Para a cientista política María Francisca Quiroga, do Instituto de Assuntos Públicos da Universidade do Chile, a derrota governista não significou automaticamente uma vitória da oposição. Segundo ela, as derrotas têm mais impacto por serem de prefeitos considerados “caciques”. A Concertação perdeu algumas de suas prefeituras históricas, como La Florida, Antofagasta e Arica, para candidatos independentes.
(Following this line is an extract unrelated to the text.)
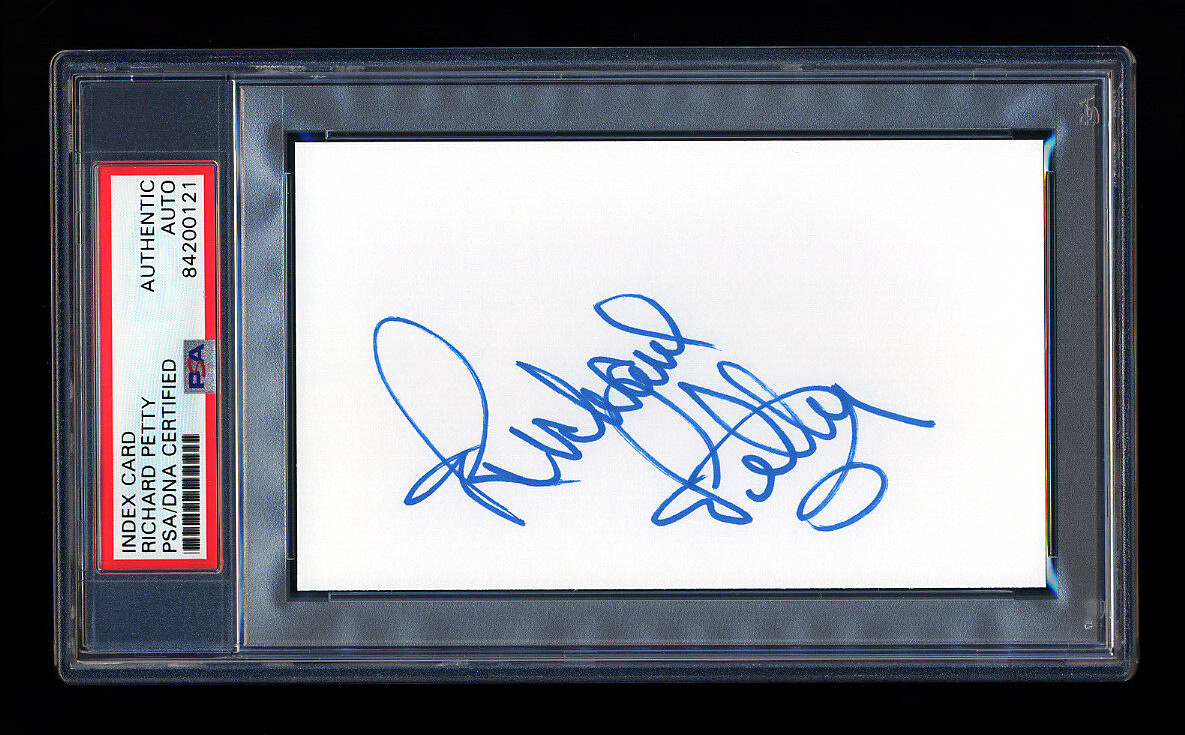 RICHARD PETTY SIGNED INDEX CARD MINT PSA/DNA SLABBED AUTOGRAPHED NASCAR HOF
“Os cenários municipais sempre foram marcados por certo caudilhismo, e por um lado temos uma cidadania que não quis votar, e por outro os que votaram foram movidos por uma rejeição transversal aos velhos caudilhos”, analisou Quiroga que também viu nos resultados uma crítica evidente à bipolaridade da política chilena, que nos últimos anos esteve dividida quase sempre entre a Concertação, de centro-esquerda, e a governista Aliança, de direita. “Os votos que decidiram esta eleição são os que uma geração que não está vinculada sentimentalmente com essas duas coalizões, e que exige uma nova visão das autoridades e deu esse recado nas urnas, neste domingo”.
Movimento Estudantil
Entre os principais beneficiários das derrotas dos prefeitos caudilhos está o Partido Comunista, que pela primeira vez em sua história elegeu dois prefeitos na Região Metropolitana de Santiago. Além da comuna periférica de Pedro Aguirre Cerda, onde os comunistas conseguiram a reeleição de Claudina Núñez, o PC elegeu também um prefeito em Recoleta, um setor de classe média, e esteve perto de eleger um terceiro prefeito, que teria sido ainda mais simbólico.
Efe
Em Providencia, Cristián Labbé, da UDI, perdeu para a dona de casa sem partido Josefa Errázuriz
Na comuna de Estación Central (zona oeste da Região Metropolitana de Santiago), o comunista Camilo Ballesteros obteve 47,2% dos votos, sendo derrotado por pouco mais de 1.500 votos pelo atual prefeito Rodrigo Delgado (UDI). Ballesteros foi um dos principais líderes da Confech (Confederação dos Estudantes do Chile) em 2011 e apesar da derrota, a alta votação foi considerada pelos analistas como uma grande demonstração de força do Movimento Estudantil.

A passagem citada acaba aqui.